Exercise data →
-------
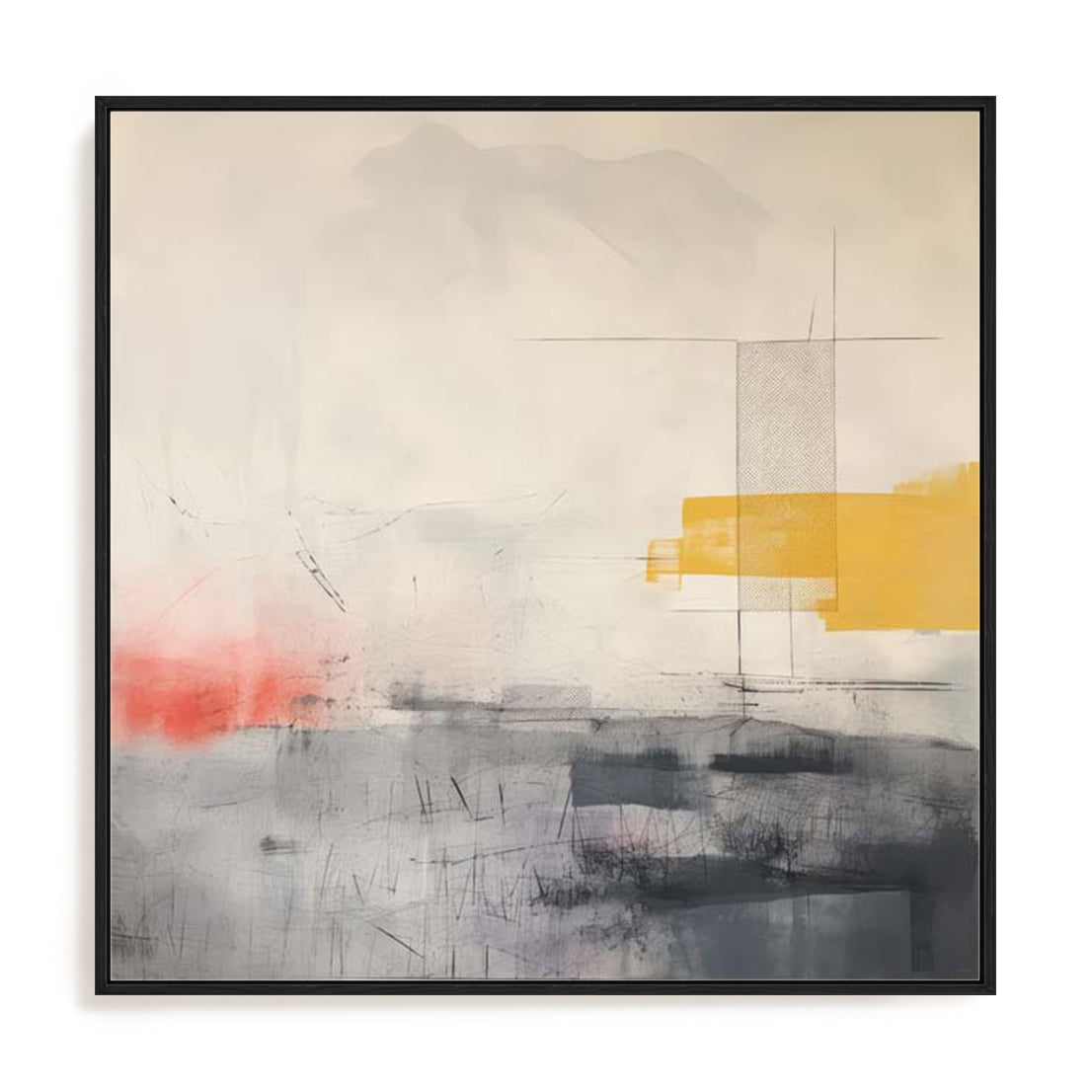 The Melody And Vibes Contemporary Landscape II Wall Art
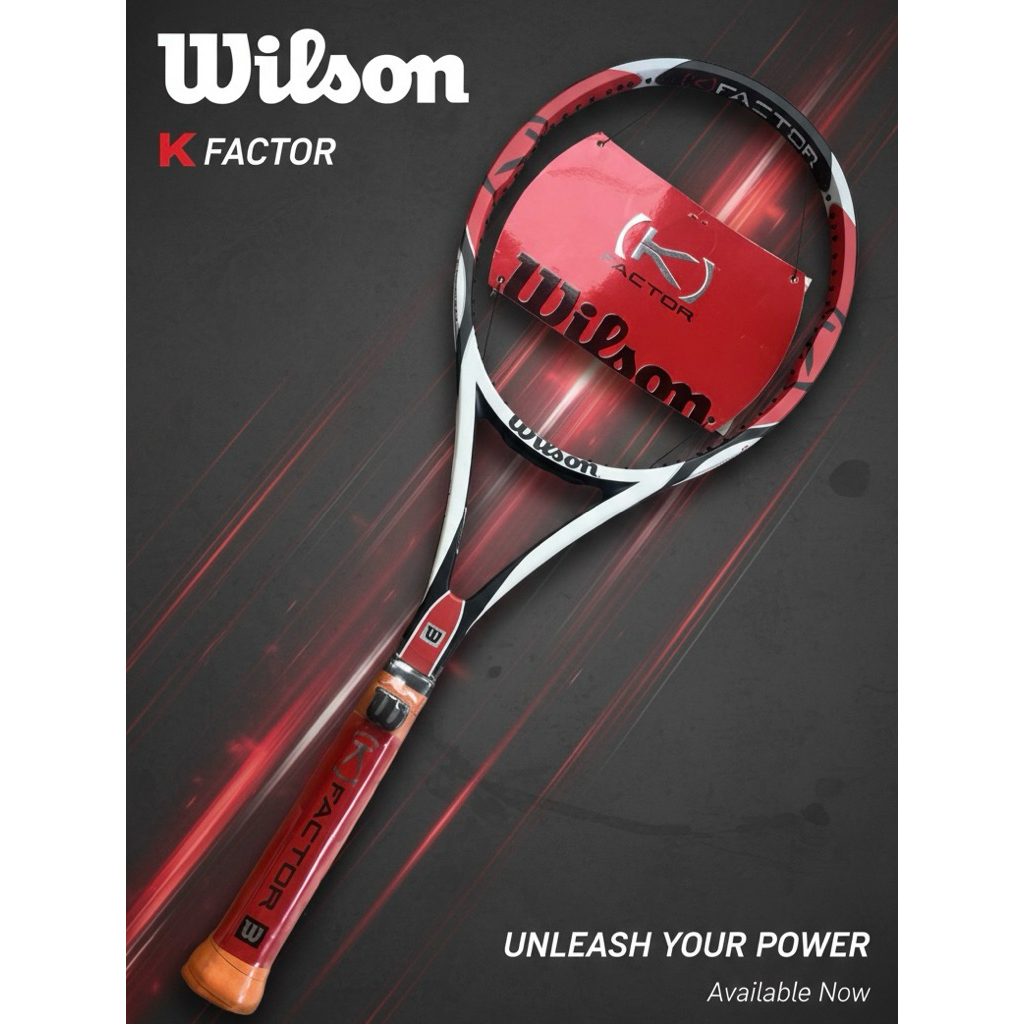 Raket Tenis WILSON K-Factor (Six.One Tour) ORIGINAL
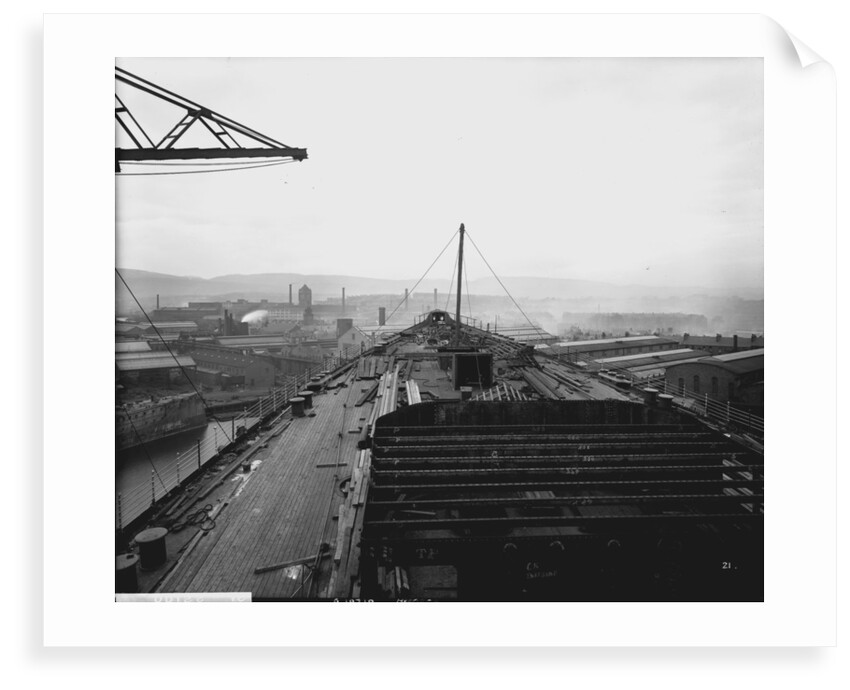 Forecast of the 'Aquitania' (1914) during construction by Bedford Lemere & Co.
-------
Exercise objective →
Find the line holding "Raket Tenis WILSON" in the data above. Retype it and every later line exactly, through the end, but not the pictures.

Solution below →
 Raket Tenis WILSON K-Factor (Six.One Tour) ORIGINAL
 Forecast of the 'Aquitania' (1914) during construction by Bedford Lemere & Co.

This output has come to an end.